▸ **EXERCISE AIM**: Using the data that follows, output only the lines from the line with "Nova aliança estratégica" up to and including the line with "D.a.t.e. - Shoes", exactly, leaving pictures aside.

(SUPPLIED RECORDS begins)

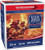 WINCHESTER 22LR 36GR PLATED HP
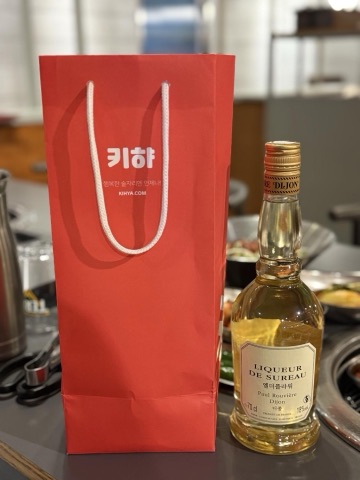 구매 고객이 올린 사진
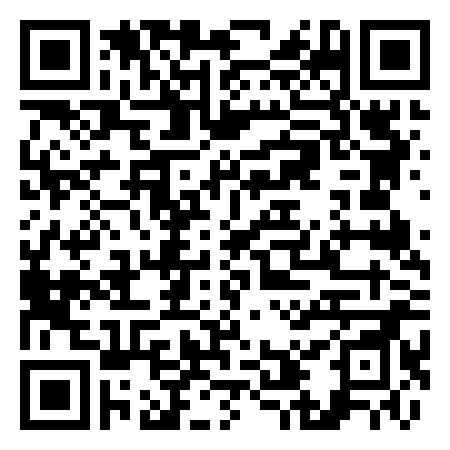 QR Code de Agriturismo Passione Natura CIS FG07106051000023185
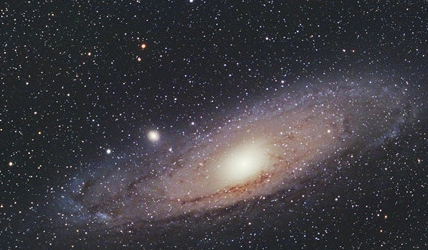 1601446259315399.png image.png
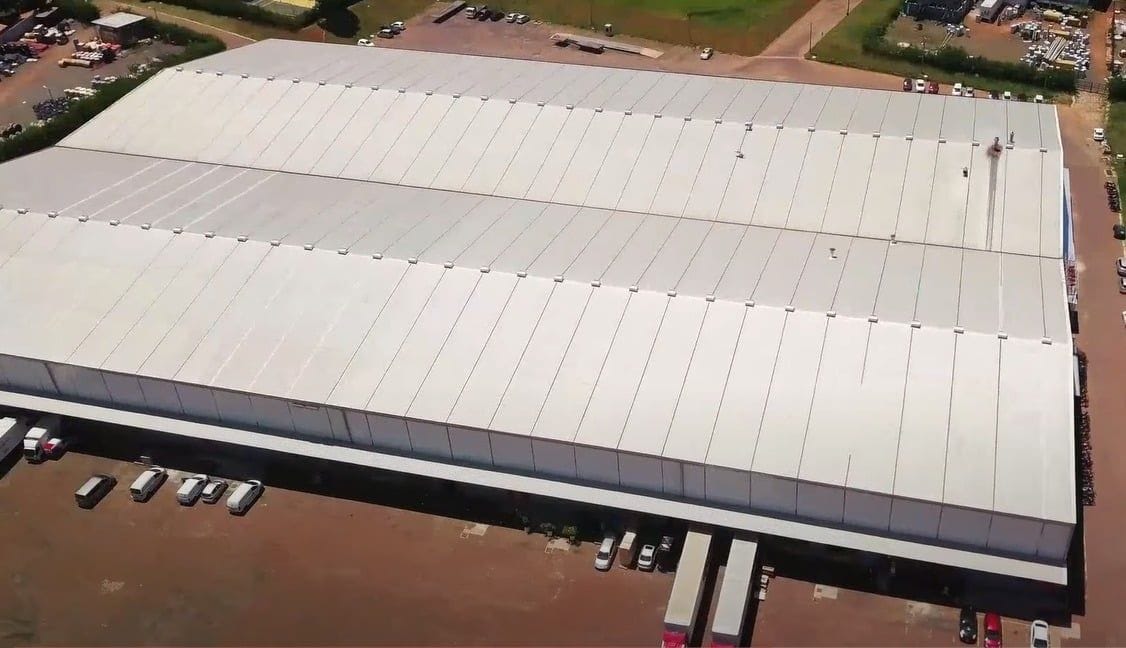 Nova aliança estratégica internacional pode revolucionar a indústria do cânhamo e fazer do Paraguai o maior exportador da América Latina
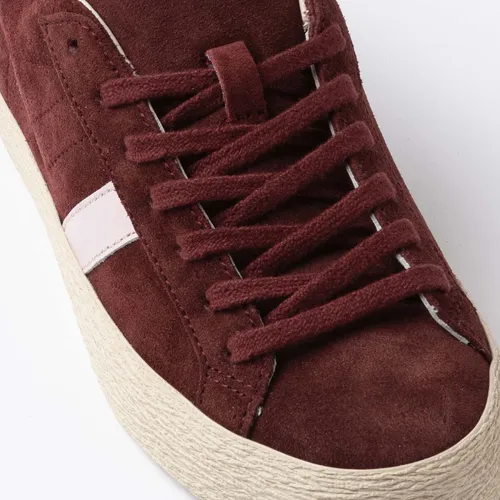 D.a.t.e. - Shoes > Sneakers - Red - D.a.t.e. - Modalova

(SUPPLIED RECORDS ends)
(SUPPLIED RECORDS begins)

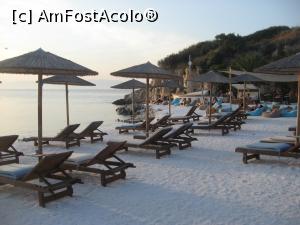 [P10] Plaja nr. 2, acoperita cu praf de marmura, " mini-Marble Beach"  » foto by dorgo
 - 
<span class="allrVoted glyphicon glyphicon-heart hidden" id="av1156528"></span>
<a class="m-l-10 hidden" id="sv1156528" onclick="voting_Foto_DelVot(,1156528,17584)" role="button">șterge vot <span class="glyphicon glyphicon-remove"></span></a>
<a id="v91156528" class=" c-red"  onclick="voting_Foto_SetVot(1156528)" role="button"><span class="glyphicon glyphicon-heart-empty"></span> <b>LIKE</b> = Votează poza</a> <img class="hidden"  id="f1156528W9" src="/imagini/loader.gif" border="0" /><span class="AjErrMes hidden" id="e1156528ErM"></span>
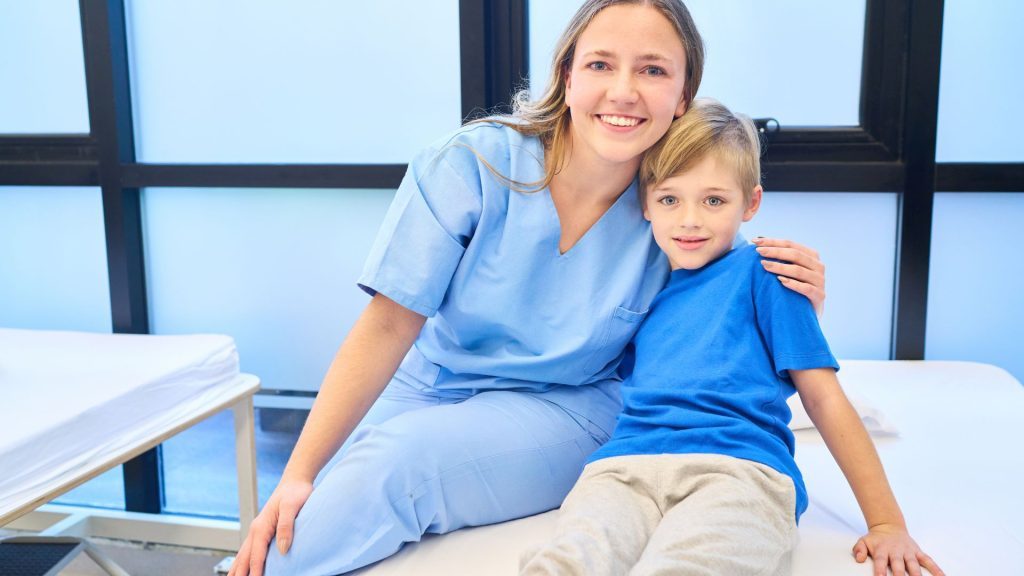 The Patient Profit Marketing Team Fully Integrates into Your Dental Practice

(SUPPLIED RECORDS ends)

▸ **ANSWER TO THIS EXERCISE**:
 Nova aliança estratégica internacional pode revolucionar a indústria do cânhamo e fazer do Paraguai o maior exportador da América Latina
 D.a.t.e. - Shoes > Sneakers - Red - D.a.t.e. - Modalova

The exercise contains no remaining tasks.